[[ Recorded data, beginning ]]

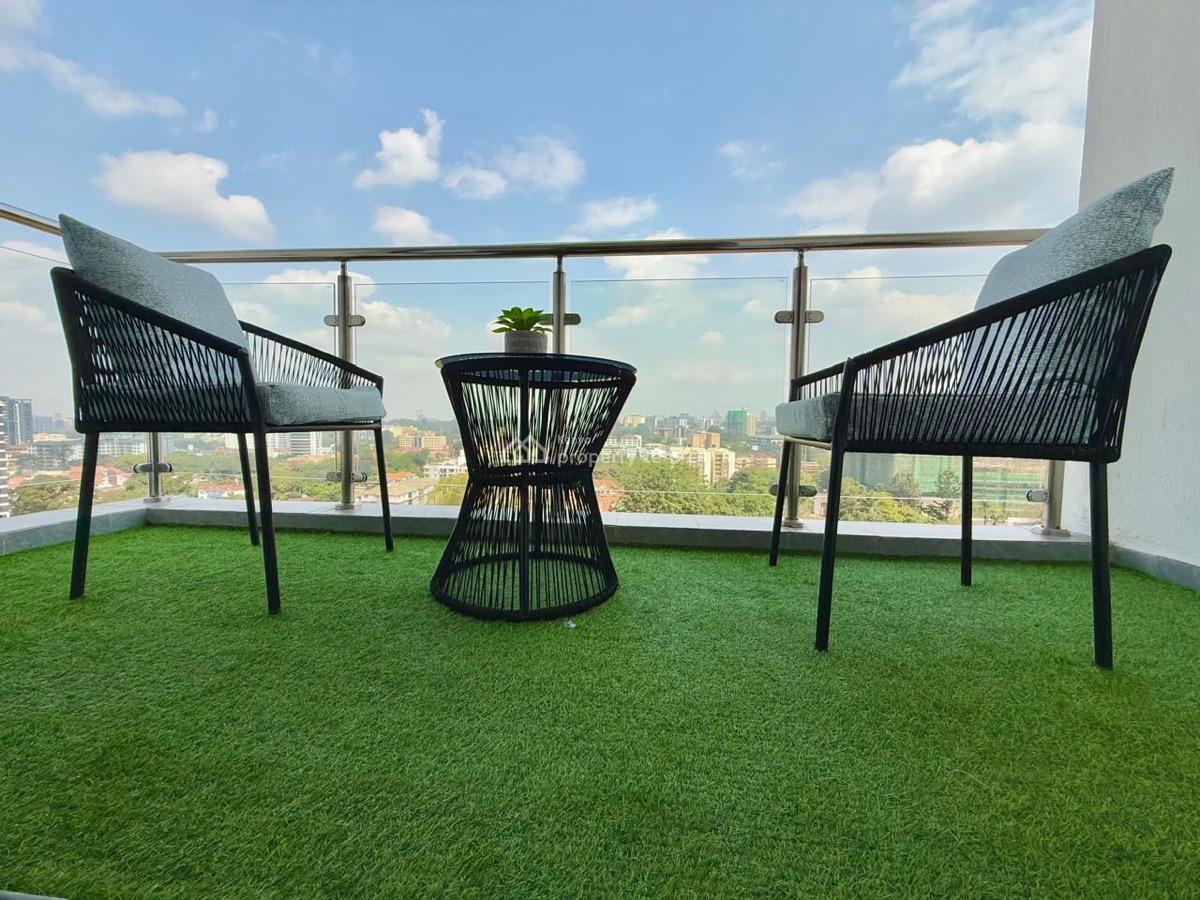 Fully Furnished and Serviced 2 Bedroom Apartment Master Ensuite, Westlands, Nairobi, Apartment for Rent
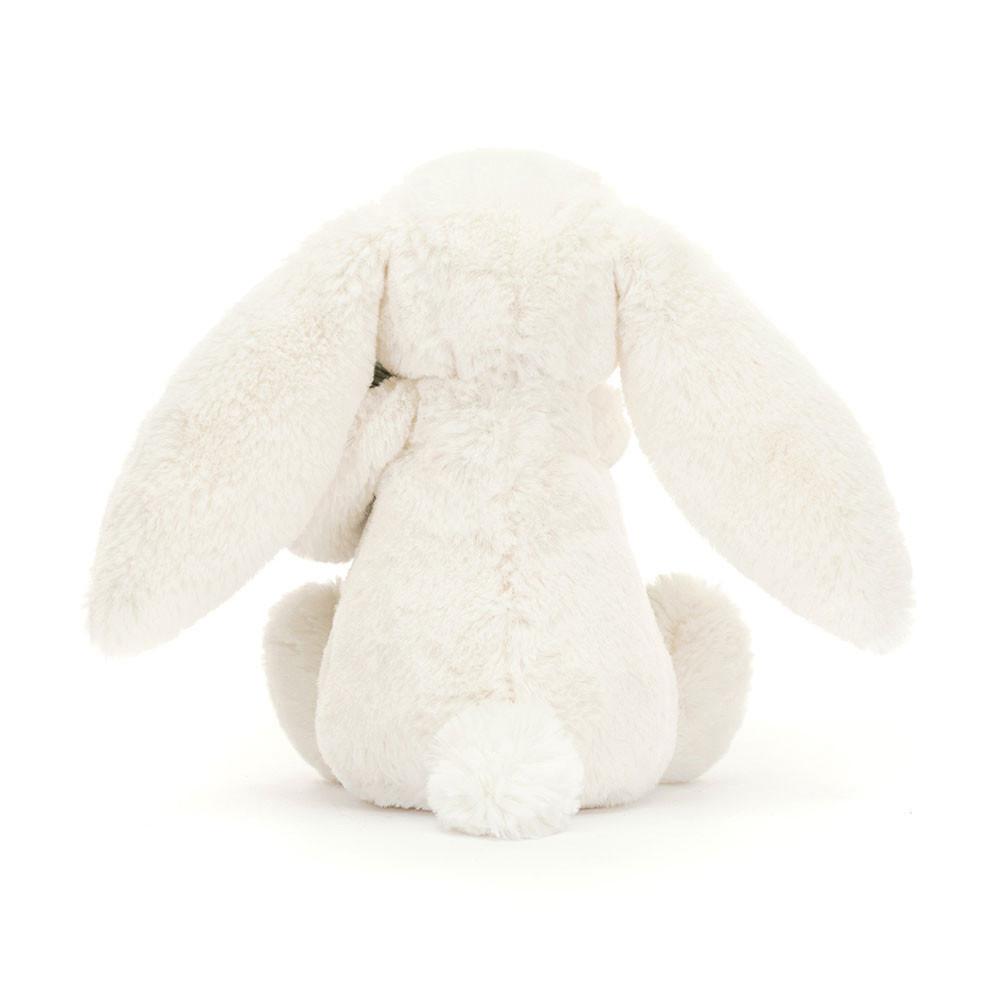 Jellycat Bashful Bunny with Christmas Tree 7.1in x 3.5in x 3.1in Animals Weiß | Deutschland  619-NUIXWR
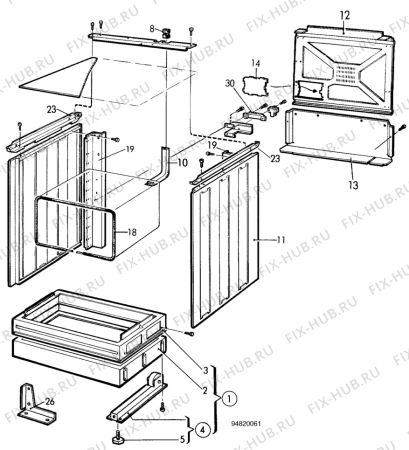 Взрыв-схема посудомоечной машины Electrolux EK6161 - Схема узла H10 Chassis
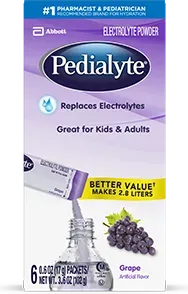 Pedialyte Classic Powder Packs packaging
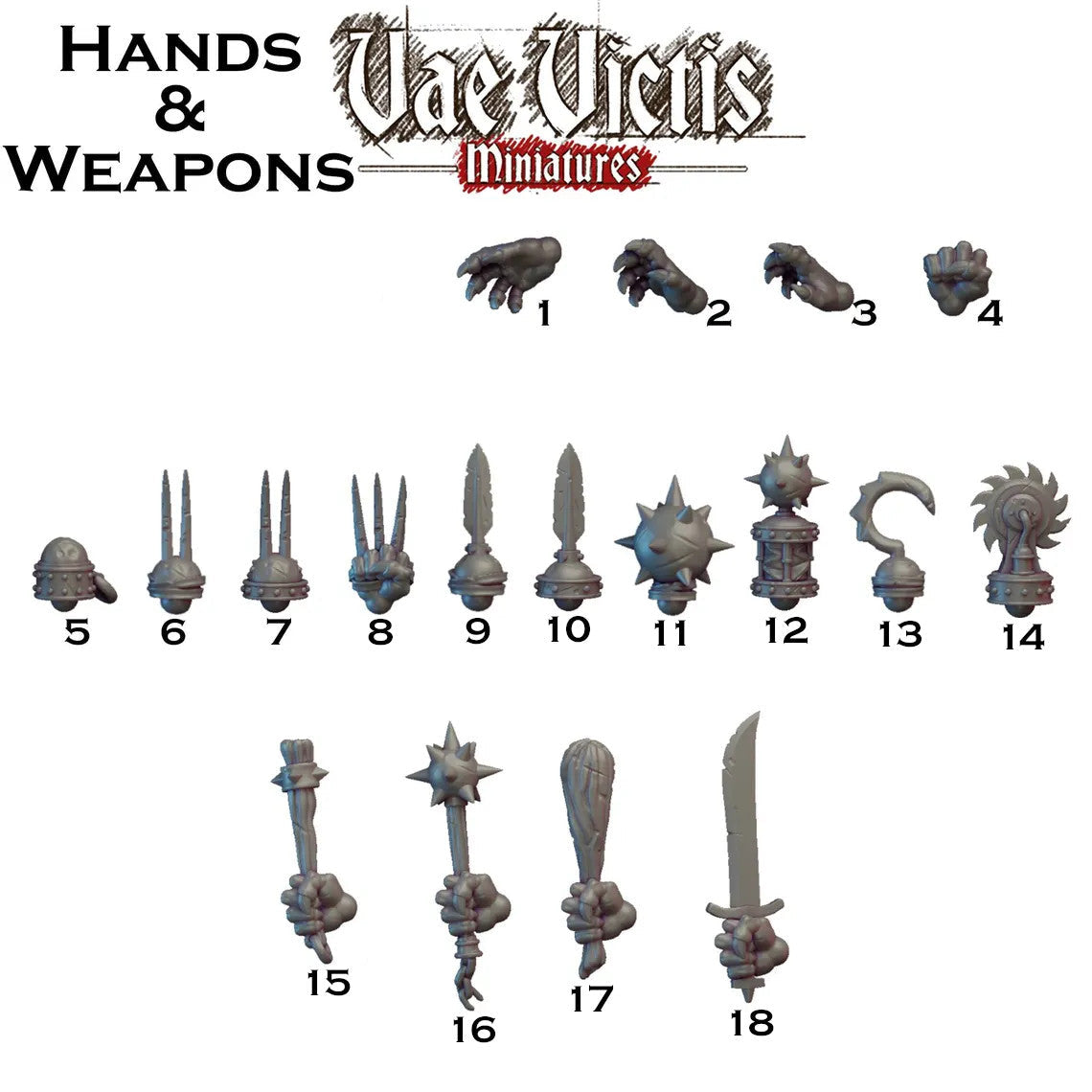 Modular Ratfolk Giant Miniatures - by Vae Victis Miniatures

[[ Recorded data, end ]]

● **Work instruction**:
Leaving out the pictures, please transcribe exactly the lines from the one that holds "Pedialyte Classic Powder Packs packaging" through the last line of the entries above, both included.

● **Exercise answer**:
 Pedialyte Classic Powder Packs packaging
 Modular Ratfolk Giant Miniatures - by Vae Victis Miniatures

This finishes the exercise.